George Harrison: Living in the Material World”: The book companion to the long HBO Martin Scorsese documentary, this has a lot of beautiful pictures and text and is a nice memorial to George. But like “I Me Mine,” it’s not really revealing, though the rare early pictures are worth seeing. Grade: A-.
“Wonderful Tonight” by Pattie Boyd
“Wonderful Tonight” by Pattie Boyd: More than half of Pattie’s autobiography is about her life with George Harrison. When you talk to her in the present day, she still speaks with great affection for him. The pictures of him she exhibits display that, as does the book. Also available in an audio edition narrated by Pattie. Grade: A.
“Behind That Locked Door – George Harrison After the Break-Up of the Beatles” by Elliot J. Huntley
“Behind That Locked Door – George Harrison After the Break-Up of the Beatles” by Elliot J. Huntley: One of the earliest books after George’s death, this was published in January, 2002. It’s a very critical biography, and as such, might not be everyone’s favorite. But as quickie books go, it goes into a lot and the end result is not bad. Later republished as “Mystical One: George Harrison After the Break-Up of the Beatles”. The very short postscript in the first edition has several pages added to it in this one. Grade: B.
“George Harrison: Behind The Locked Door”
“George Harrison: Behind The Locked Door” by Graeme Thomson: The most recent mainstream bio of Harrison, a British book from 2013. Thomson gets deep into his Beatles life, his spiritual side, the Dark Horse label, the Concert for Bangladesh and the “Shanghai Surprise” boondoggle. Good reading. Grade: A.
“George Harrison Reconsidered” by Timothy White
“George Harrison Reconsidered” by Timothy White: Very inexpensive ebook of a great interview done with Harrison by late Billboard editor-in-chief White, who had a great knack of getting musicians to talk.

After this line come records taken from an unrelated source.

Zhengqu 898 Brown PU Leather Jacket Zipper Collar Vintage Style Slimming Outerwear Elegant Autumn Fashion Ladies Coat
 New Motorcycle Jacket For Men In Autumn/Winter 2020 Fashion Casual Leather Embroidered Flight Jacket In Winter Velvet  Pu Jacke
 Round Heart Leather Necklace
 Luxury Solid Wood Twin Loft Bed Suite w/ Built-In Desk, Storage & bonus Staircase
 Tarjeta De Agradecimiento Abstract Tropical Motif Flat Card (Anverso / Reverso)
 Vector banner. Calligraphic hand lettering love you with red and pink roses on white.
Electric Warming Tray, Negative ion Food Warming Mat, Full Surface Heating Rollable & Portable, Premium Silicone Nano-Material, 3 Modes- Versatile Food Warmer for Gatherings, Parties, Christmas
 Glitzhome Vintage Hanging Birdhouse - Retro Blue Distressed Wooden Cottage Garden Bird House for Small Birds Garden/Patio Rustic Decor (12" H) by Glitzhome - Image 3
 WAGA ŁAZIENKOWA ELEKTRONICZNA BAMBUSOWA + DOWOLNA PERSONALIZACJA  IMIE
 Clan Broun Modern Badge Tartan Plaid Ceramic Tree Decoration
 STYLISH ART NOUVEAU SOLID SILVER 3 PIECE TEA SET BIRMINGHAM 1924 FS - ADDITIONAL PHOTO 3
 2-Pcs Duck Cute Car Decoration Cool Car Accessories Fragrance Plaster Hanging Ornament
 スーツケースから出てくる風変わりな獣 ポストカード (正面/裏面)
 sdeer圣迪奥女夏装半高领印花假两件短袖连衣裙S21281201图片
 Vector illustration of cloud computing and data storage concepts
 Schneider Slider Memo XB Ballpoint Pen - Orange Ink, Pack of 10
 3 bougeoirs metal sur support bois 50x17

Another one to get. The same interview is included in White’s collection of rock interviews, “Rock Lives,” that also has chats with Paul McCartney, Keith Richards, Michael Jackson, John Lennon and Brian Wilson. Grade: A-.
“While My Guitar Gently Weeps” by Simon Leng
“While My Guitar Gently Weeps” by Simon Leng: Leng sticks to the music in analyzing George Harrison’s work album-by-album and song-by-song beginning with the early days of the Beatles and ending with “Brainwashed.” And yes, the Traveling Wilburys are included. A great guide to the music of George Harrison. Grade: A.
“Behind Sad Eyes: The Life of George Harrison” by Marc Shapiro
“Behind Sad Eyes: The Life of George Harrison” by Marc Shapiro: Thin, uninformative rehash biography was originally published in March, 2002, just a few months after George’s death, a very quick attempt to cash in on George’s death. And at 231 pages, it doesn’t cover much territory. Skip it. Grade: D.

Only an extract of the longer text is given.